Got it. Thanks, guys. Thank you, Kaylee.
Thank you. Our next question comes from, Charles Meade from Johnson Rice. Please go ahead.
Good morning, Jay, Roland, Dan. I want to ask one more question about the Elijah wand. And, Dan, I think you mentioned in your prepared comments that one of the reasons that you guys were, I guess, chose this location or more confident in it is that you had some deep vertical well control there. And I'm curious, I know that there was a lot of, you know, there was historical vertical development in this area, but how many other places, will having offset vertical well control, will that be the kind of the dominant variable on picking locations when you step out, or was that just kind of a one-time thing with the Olajuwon well?
So we did, you know, when you do your first step out, obviously you want to have as much control as possible. If you don't, if you get away from the areas where you have well control, that's where we have to drill a pilot hole, you know, and log it and get that, you know, see what that section looks like. So we did kind of know generally where we wanted to drill up here, but with the vertical well control we did have, we wanted to get something fairly close to, you know, kind of know for sure what the log quality was and And that is how we picked the first one. But all the future wells, obviously, will be, you know, will spread out. And in some places, we will be drilling. We will need to drill some pilot holes. As we get further away from those control points, you know, just to control your risk, you need to drill those pilot holes and get some logs across them.
You know, Charles, to go back to the Circle M, you know, that area we have the most well control. So that's why we drilled it where we drilled it. And then we marched that 23. three miles up to the north-northeast, you know, to the Leon well, the Diornellis wells. And then to answer your question, we thought we had better well control near the Elijah one, so it's kind of a mirror image of the Circle M. We had 3D. We had well control. We didn't see a lot of static in the 3D lines, et cetera. So, you know, you have to go back and almost ask the question, why did you drill it? I mean, that was 24.4 miles. Even at the time we decided we wanted to drill it, we were probably 30 miles away from our closest producer. But the goal that we keep telling you and the world is we do trust our geological department, we trust the operations department, and we really want to de-risk this 520,000-net-acre footprint as quickly yet as prudently as possible. And we did take a chance that the Elijah 1 would be a great well. We didn't know that. But I do think that the results are transformational. We're glad we can report it. Another thing I think, Charles, is that even if you go back in February, we didn't really talk about the Elijah 1. We did some road shows. We didn't tout something. We said we're drilling a well. You almost had to go find that well. And once we could report it, then we tell you the truth about it, whether it's good, bad, or ugly. And this happened to be great. So that's how we go about it. And when we decided to do the Elizalde gas, it was probably $1.90. I mean, this was many, many, many, many, many months ago. We elected to go ahead and drill this well.

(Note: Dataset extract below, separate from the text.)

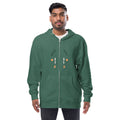Green duck - Duck and duck brand | Unisex Fleece Zip Up Hoodie | Independent Trading Co. SS4500Z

That's a helpful elaboration, Jay. And then perhaps following up on that idea of de-risking more of the position, it looks to me, I'm not looking at any kind of contours or anything, but it looks to me that if you look at the wells you've drilled and the permits that you have, it's mostly along what looks like that kind of southwest-northeast strike axis. So I'm wondering, is that in fact the case? And if it is, when or what's the right time to push it push the de-risking kind of a northwesterly up-dip direction?
Well, when we started five years ago, you have a blank sheet of paper like you're in kindergarten. You've got a sheet of paper. There's nothing on it. And then all of a sudden, we look and say, well, maybe we should drill this Circle M well. Now, all that acreage that you see that we present, we didn't own any of that. And we said, okay, let's drill the Circle M. Well, as you progress, it's almost quarter by quarter, year by year, you know, we're able to buy the big position from Legacy Reserve, which had Pinnacle. Well, we didn't know if the Pinnacle plant in that 145 mile high pressure pipeline, whether it was located at the right spot. But we did know that the logs that we had showed that on the, you know, there was a boundary kind of on the east side. And we did with our hundreds of land men, you know, we did find out that that was unleashed. So you go and you aggressively, yet prudently, grab what is unleashed, and then if you can add HPP acreage, which most of that is to the west. So 80 plus percent of our acreage is HPP, but we didn't add that HPP acreage. You know, it was March of last year, we added 185,000 net acres. It was probably first quarter, we had another 62,000 net acres. So the acreage that you're seeing to the west, most of that's HPP. So we've said over and over, we've got to drill about 70 wells to hold acreage that we leased in this 520,000 net acre play. So we have focused our most part of drilling to hold acreage, and then we'll deviate over and drill some of the HPPed acreage. Now, we've had one pilot well core, and we've got a second one that we're working on right now. So as we go through 2025, 2026, we would like to have a core of our own on all four corners of the footprint and a few in the middle. And that will tell you the answer to the question that Derek asked, you know, what is the rock quality? Well, we're going to know that with the cores.
That is helpful detail. Thank you, Jay.
Sir, thank you.
Thank you. Our next question comes from Jacob Roberts from TPH and Company. Please go ahead.
Good morning. Good morning. Maybe a bit of a macro question, but if we see gas prices cooperate to the end of the decade, how many rigs do you envision the Western Hainesville being able to support over that timeframe? And maybe as a sidecar to that, Is there an internal view to take a more methodological approach to growth and target high single digits or low double digits through the end of the decade?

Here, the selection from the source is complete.